## Required action
Scan the data below and pick out the lines containing the word "outside".

## Information given
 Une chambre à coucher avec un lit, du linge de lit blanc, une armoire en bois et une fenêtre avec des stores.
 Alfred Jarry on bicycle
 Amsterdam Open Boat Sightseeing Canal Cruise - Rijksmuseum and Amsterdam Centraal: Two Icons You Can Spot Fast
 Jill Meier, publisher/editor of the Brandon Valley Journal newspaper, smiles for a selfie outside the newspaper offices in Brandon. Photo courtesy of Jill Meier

--

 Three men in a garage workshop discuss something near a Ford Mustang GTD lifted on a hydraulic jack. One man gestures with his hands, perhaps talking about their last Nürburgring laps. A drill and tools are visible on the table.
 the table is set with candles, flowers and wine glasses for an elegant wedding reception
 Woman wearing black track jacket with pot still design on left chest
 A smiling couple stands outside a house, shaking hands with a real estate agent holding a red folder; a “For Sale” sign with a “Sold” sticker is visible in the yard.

## Output for this exercise
 Jill Meier, publisher/editor of the Brandon Valley Journal newspaper, smiles for a selfie outside the newspaper offices in Brandon. Photo courtesy of Jill Meier
 A smiling couple stands outside a house, shaking hands with a real estate agent holding a red folder; a “For Sale” sign with a “Sold” sticker is visible in the yard.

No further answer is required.